Getting Answers: ticks, mosquitoes starting to appear
AGAWAM, Mass. (WGGB/WSHM) - We’ve been hearing from people that it could be a rough year dealing with ticks and mosquitoes. Folks want to blame the amount of rain we’ve seen, but is that the case?
Some insects thrive in wet weather. However, should you come across ticks or mosquitoes, Natasha Wright, an entomologist with Braman Termite and Pest Elimination, said it is not so much due to rain, but rather the temperatures we experienced this past winter.
“We had a pretty mild winter and a lot of times with mild winters, the ticks and mosquitoes that are over-wintering, hibernating, they won’t get killed off by those sudden low temperatures” Wright explained.
Wright told Western Mass News that can lead to a higher population as we enter the spring and summer months.
“Regardless of what the numbers are, low or high, May and June are going to be the highest population for your ticks and going into the summer is really when you’re going to see those mosquitoes,” Wright added.
Wright said there is no growing trend of more insects.
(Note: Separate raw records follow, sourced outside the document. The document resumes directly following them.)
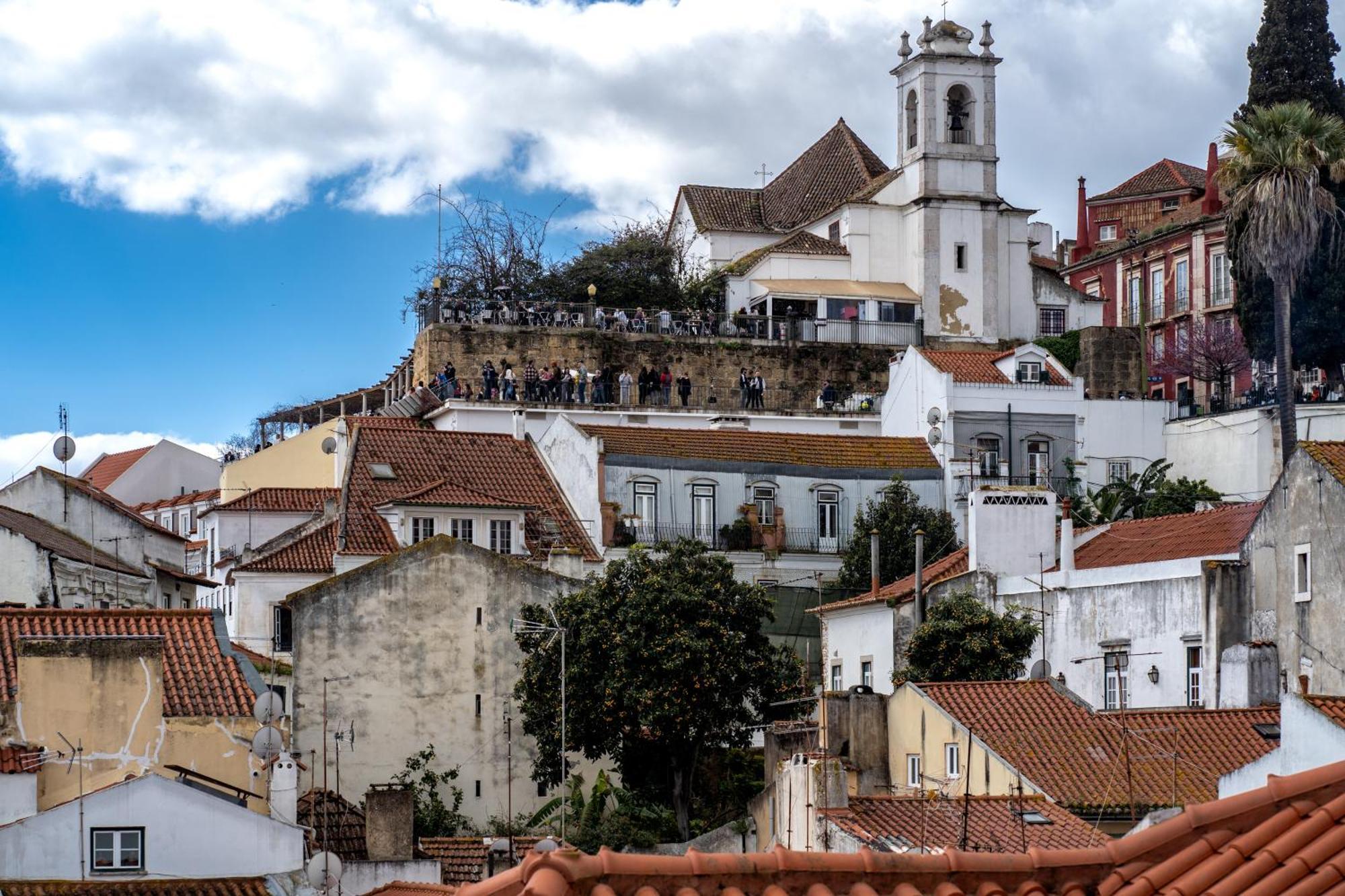 Alfama Terrace 360º - Private Terrace With Exceptional River View With A/C! Lissabon Buitenkant foto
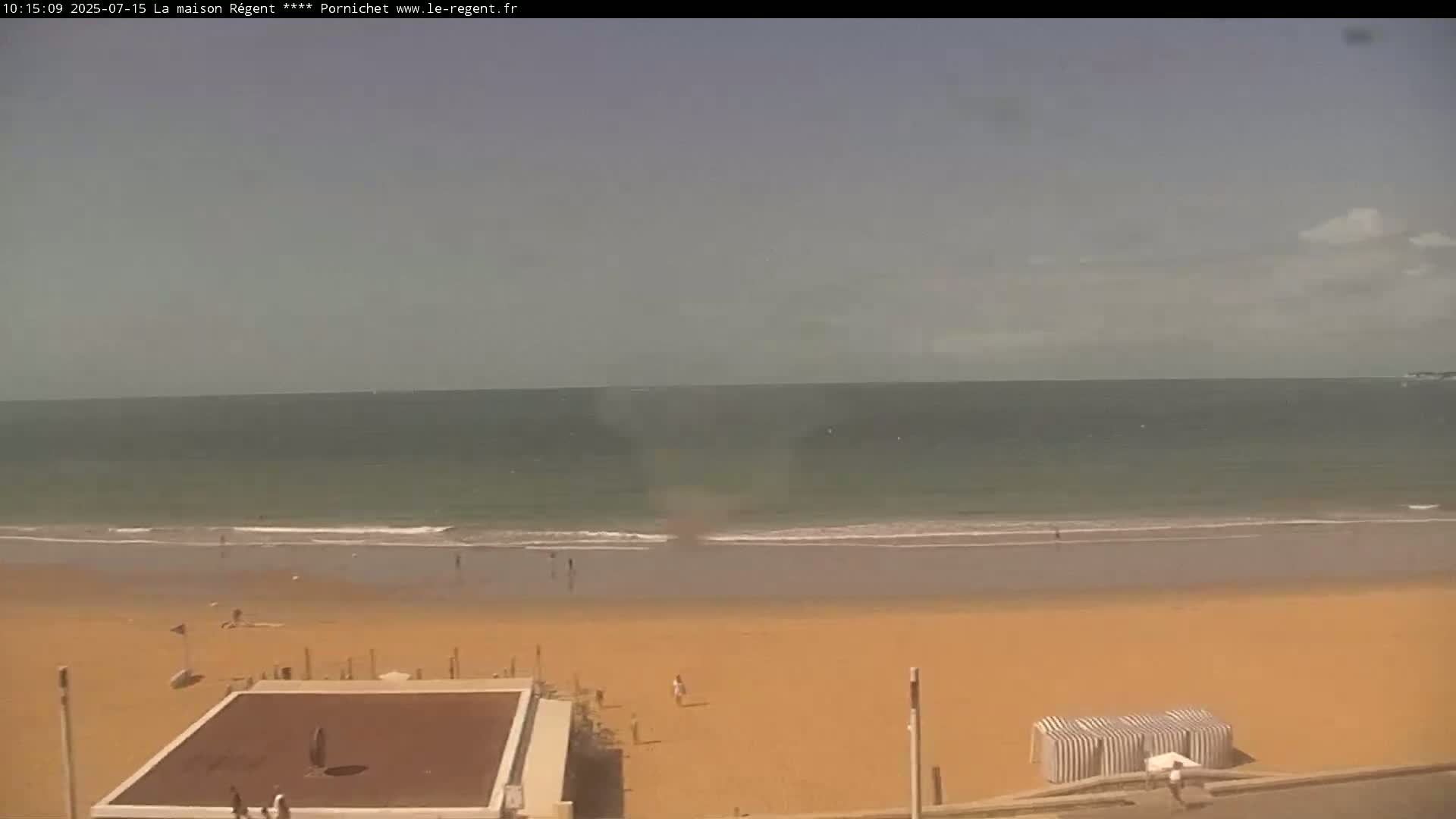 Pornichet, Plages des Libraires Beach PTZ Live Cam - Saint-Nazaire, Loire-Atlantique, Pays de la Loire, France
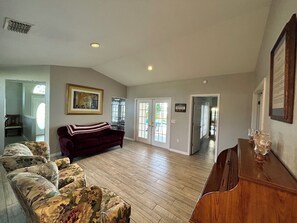 Smart TV, books, stereo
It’s just something that comes with the arrival of spring.
“Just know anytime it’s warm, this can come out, ticks in particular, so just staying away from tick habitat, those areas around transition zones where grass goes into woodlands,” Wright said.
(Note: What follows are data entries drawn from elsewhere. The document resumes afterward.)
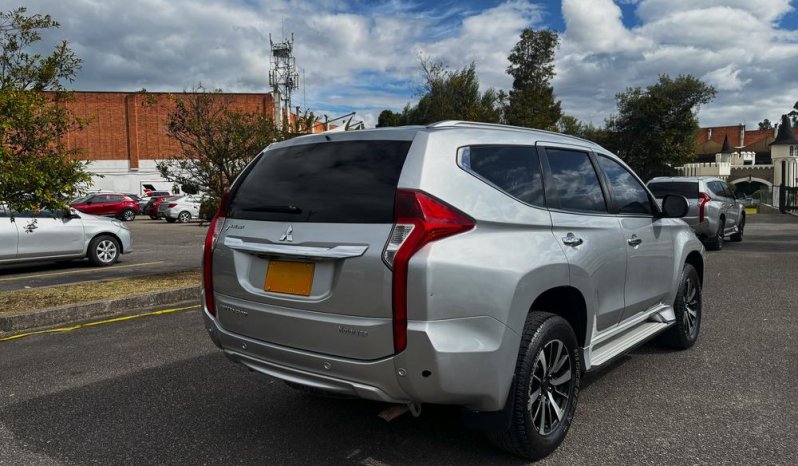 MITSUBISHI Montero Sport 3.0 Aut. 4X4 Gasolina ABS A/C 7 A.B. C.Cuero lleno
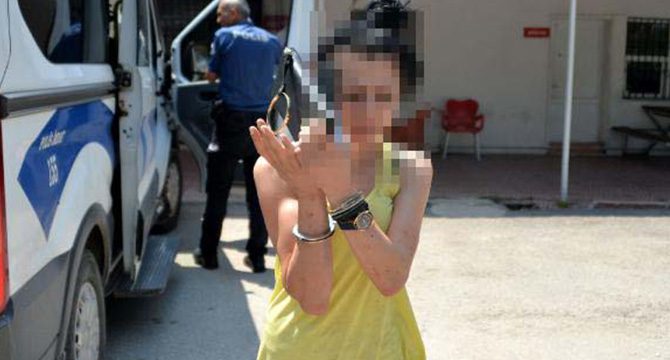 Sahte altın satarken yakalanan kadına 1 yıl 3 ay hapis cezası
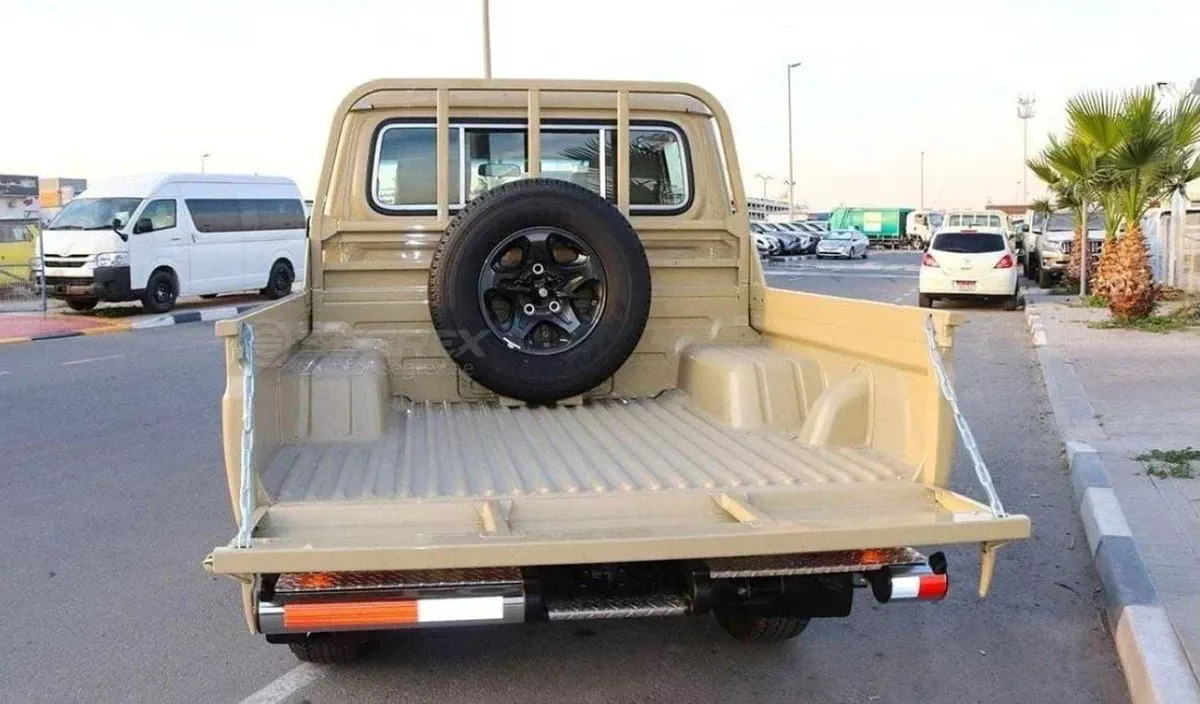 Toyota Land Cruiser Pick Up Toyota Land Cruiser Pick Up LC79 DC, 2.8L Turbo Diesel 4WD AT-7-0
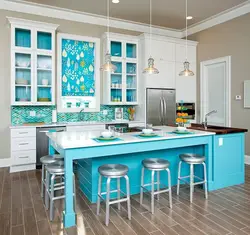Сочетание цветов синего и белого в интерьере кухни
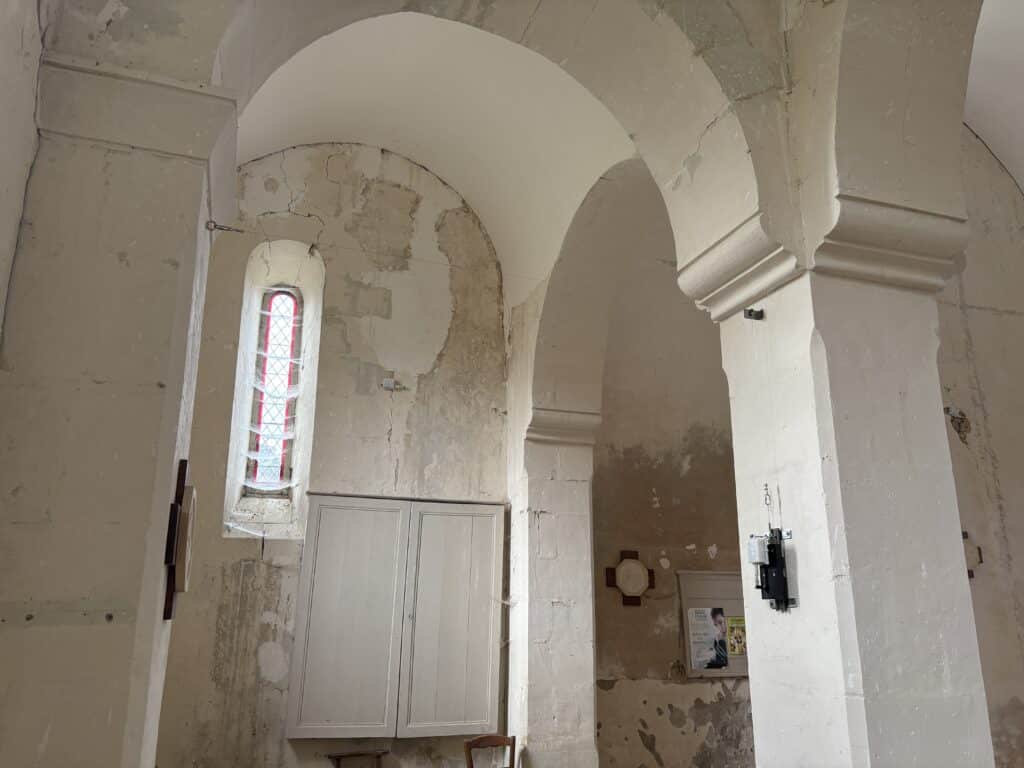 R20-Messsystem zur Überwachung von Rissen und Bauwerksbewegungen in einer Kirche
When it comes to ticks and mosquitoes, Wright said there are three keys to protecting yourself. She says wear long sleeves, long pants, and wear repellent when you’re outdoors. If you wind up with a tick on you, Wright said removing it within 24 hours will greatly reduce the chances of getting any disease, such as Lyme disease, that they may be carrying. However, she said there is a proper way to remove the insect.
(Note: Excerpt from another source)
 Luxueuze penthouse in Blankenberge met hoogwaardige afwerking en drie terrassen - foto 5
“You don’t want to twist, burn them with a fire, smother them in Vaseline. People like to do all sorts of weird things to them. Grab them as close to the skin as possible, pull them straight up and if you end of leaving a bit in your skin, like the mouth parts, it will come out just like a splinter,” Wright noted.
Wright said the best way to keep mosquitoes at bay is to remove stagnant water in containers like bird baths, buckets, and wheelbarrows.